[RECORDS SUPPLIED Boundary: Start]

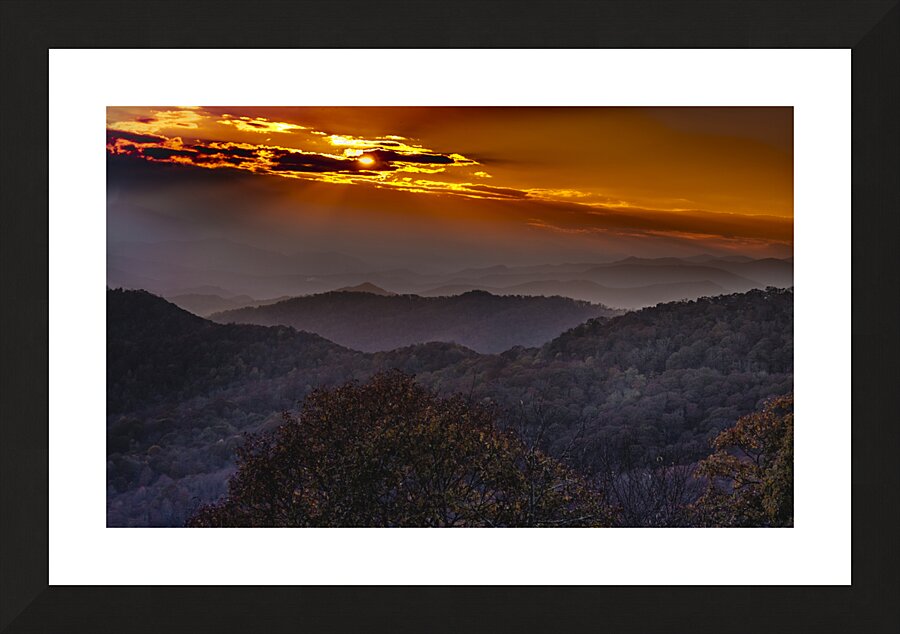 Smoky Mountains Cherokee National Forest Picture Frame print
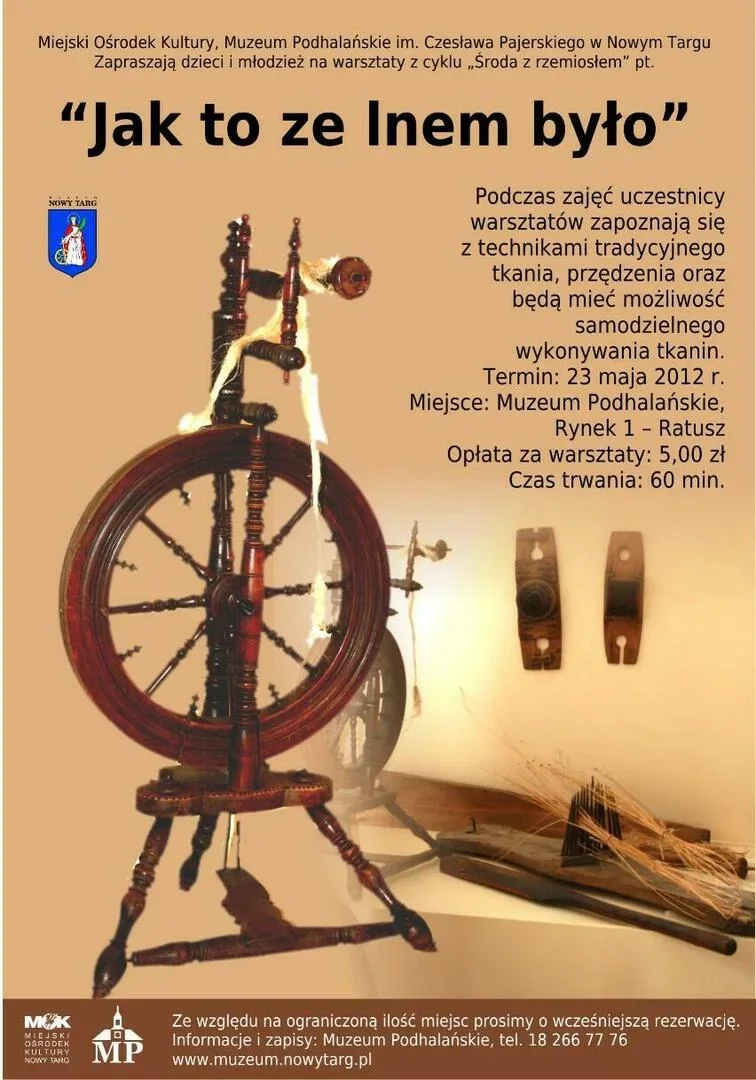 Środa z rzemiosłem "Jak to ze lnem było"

[RECORDS SUPPLIED Boundary: End]
[RECORDS SUPPLIED Boundary: Start]

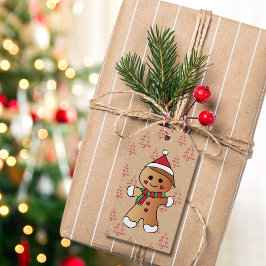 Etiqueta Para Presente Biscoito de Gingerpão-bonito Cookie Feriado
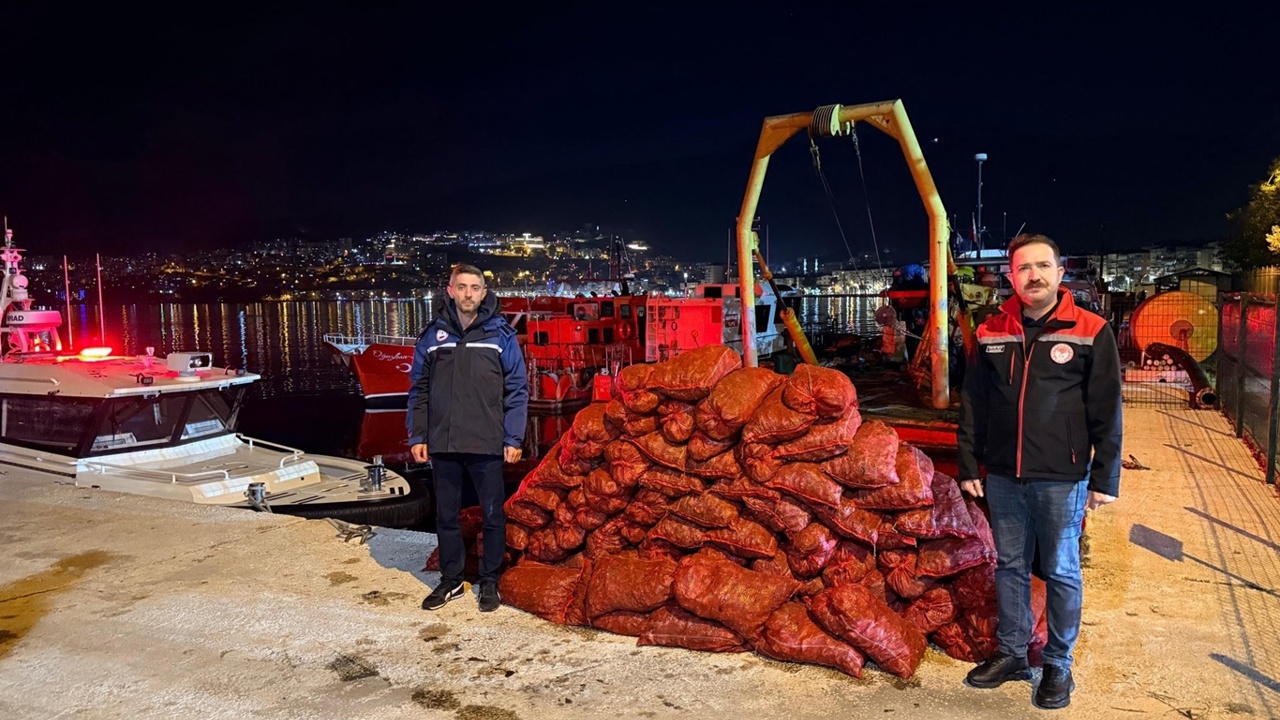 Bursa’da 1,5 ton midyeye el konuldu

[RECORDS SUPPLIED Boundary: End]
[RECORDS SUPPLIED Boundary: Start]

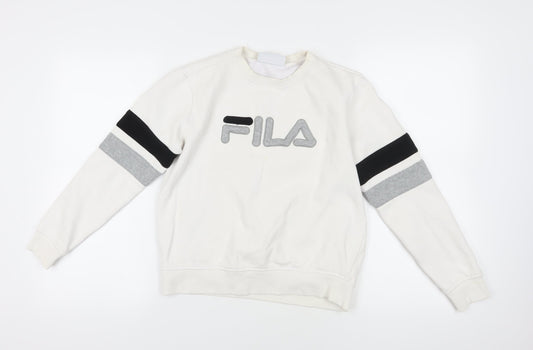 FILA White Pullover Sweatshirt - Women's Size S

[RECORDS SUPPLIED Boundary: End]

■ **THE PROBLEM**
What belongs in the answer is each line above from the line with "Etiqueta Para Presente" to the line with "Bursa’da 1,5 ton midyeye el konuldu", inclusive, reproduced exactly and free of pictures.

■ **PROBLEM SOLUTION**
 Etiqueta Para Presente Biscoito de Gingerpão-bonito Cookie Feriado
 Bursa’da 1,5 ton midyeye el konuldu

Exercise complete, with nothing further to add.